August History post.

One more verified Ward & Dickinson. [past]

I have known about a Ward & Dickinson existing in Palmyra due to a postcard, but knew little else. The historian did not know of this diner. Fortunately, I found this July 6, 1950 newspaper article.
I believe that this article may be the perfect article to explain the brief history of Ward & Dickinson, and why so many of these small diners do not exist today.
At one time, Ward & Dickinson diners were top of the line. They had a couple of booths, ready for that family who was on the road, and needed a place to eat. Especially people who did not like stools, but really did not want to go into a full blown restaurant, or deal with city traffic.
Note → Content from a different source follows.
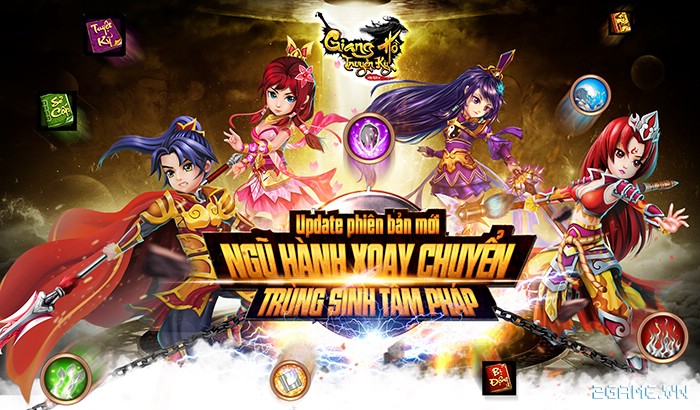 2game-giang-ho-truyen-ky-mobile-big-update-1as.jpg (700×410)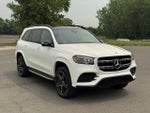 2023 GLS Thumbnail 7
But even by as early as 1930s, booths and tables were becoming ever increasingly popular. Downtown diners could survive with stools, but diners out on the road needed booths for those families who were traveling. The truckers and such were happy at stools, but not many families liked stools.
As the 1940s rolled around, diners were ever increasing in size, especially in width. some diners were even sold in two pieces. In some cases, this allowed for dining rooms to be added. Plus, this also meant bathrooms, something tat did not come with any Ward & Dickinsons. So by the 1940s, Wardies were being viewed as small and cramped diners. Not as many people wanted them, and they were becoming tougher to maintain and make a profit in. This article tells that story perfectly.